Avec un zèle qui confine à l’hystérie, les amis de Sarkozy s’en donnent à cœur joie. Dès qu’elle est de près ou de loin liée aux musulmans, toute actualité devient prétexte à de nouveaux assauts. Le dernier en date concerne les oraux de rattrapage du bac, organisés du 6 au 8 juillet. Les lycéens convoqués ce mercredi, jour de l’Aïd el-Fitr, fête de fin du ramadan, ont la possibilité de demander un report de 24 heures de leur oral. Les proviseurs des lycées ont été priés de faire remonter à l’administration la liste des élèves concernés.
Comme souvent, la réaction du sarkozyste Eric Ciotti contre cette «grave atteinte au principe de laïcité» aura été la plus rapide et la plus caricaturale : «François Hollande a délibérément renoncé à défendre la laïcité pour flatter un communautarisme religieux auquel il est redevable.» En réalité, cette «atteinte» procède d'une circulaire de mai 2004 signée Fillon, ministre de l'Education. On y lit que l'institution scolaire «doit prendre les dispositions nécessaires pour qu'aucun examen ni aucune épreuve importante ne soit organisé le jour de grandes fêtes religieuses».
Derrière cette priorité donnée à ce qu'il nomme le «calendrier de l'islam», Guillaume Peltier, porte-parole de LR, voit la main de la ministre Najat Vallaud-Belkacem… Les électeurs auront compris le message : la «gauche communautariste» serait en train de liquider la France. N'est-ce pas cette même «madame Belkacem» qui propose d'ajouter l'arabe aux langues vivantes enseignées en primaire ? «L'apprentissage de l'arabe au CP mènera droit au communautarisme», a conclu le député LR Bruno Le Maire, très en pointe, lui aussi, sur le front identitaire.

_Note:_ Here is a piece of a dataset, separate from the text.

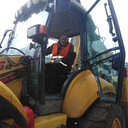 ���������� ������, ���� ������� ����, 45 ���, ������������ ��� ������, ����� � ���������, c�������� ���������, ���������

Dans ce concert, le président LR de la région Paca, Christian Estrosi, et son collègue d'Auvergne-Rhône-Alpes, Laurent Wauquiez, devaient se faire entendre. Le premier vient d'annoncer, urbi et orbi, qu'il refusait l'ouverture d'une mosquée construite à Nice grâce à des fonds saoudiens. Refus qualifié d'«atteinte grave et manifestement illégale à la liberté de culte» par le Conseil d'Etat. Le second a fait un maximum de publicité à sa décision de renoncer à financer un centre culturel musulman soutenu par l'Algérie.

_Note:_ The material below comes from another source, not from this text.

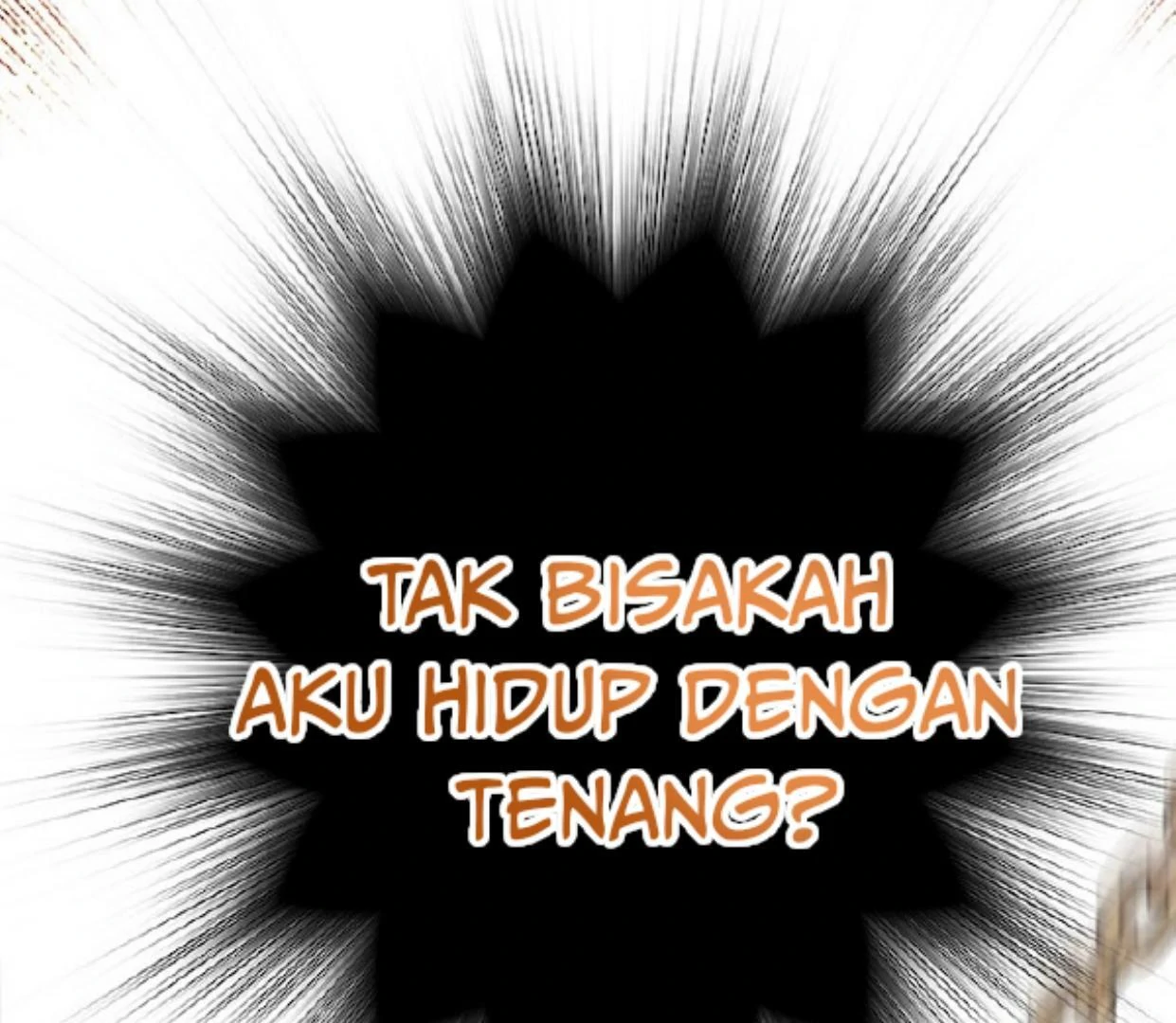 Chapter 77 - halaman 147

Tout comme les demandes de dispenses d'examen, les ouvertures de mosquées financées par l'étranger posent de vraies questions. Mais n'est-il pas possible de les formuler sans tomber dans l'hystérie ou la calomnie ? Dans le camp Sarkozy, on a décidé de mettre ces questions au cœur du débat. Face à cette gauche qui communautarise, l'ancien chef de l'Etat promet de restaurer «l'assimilation» à l'ancienne. «Celui qui veut devenir français adopte le mode de vie français ; il est fier d'être français, il apprend l'histoire de France et pas une autre histoire !» Ces paroles, prononcées samedi devant les cadres du parti, ont transporté de joie les sympathisants du candidat Sarkozy.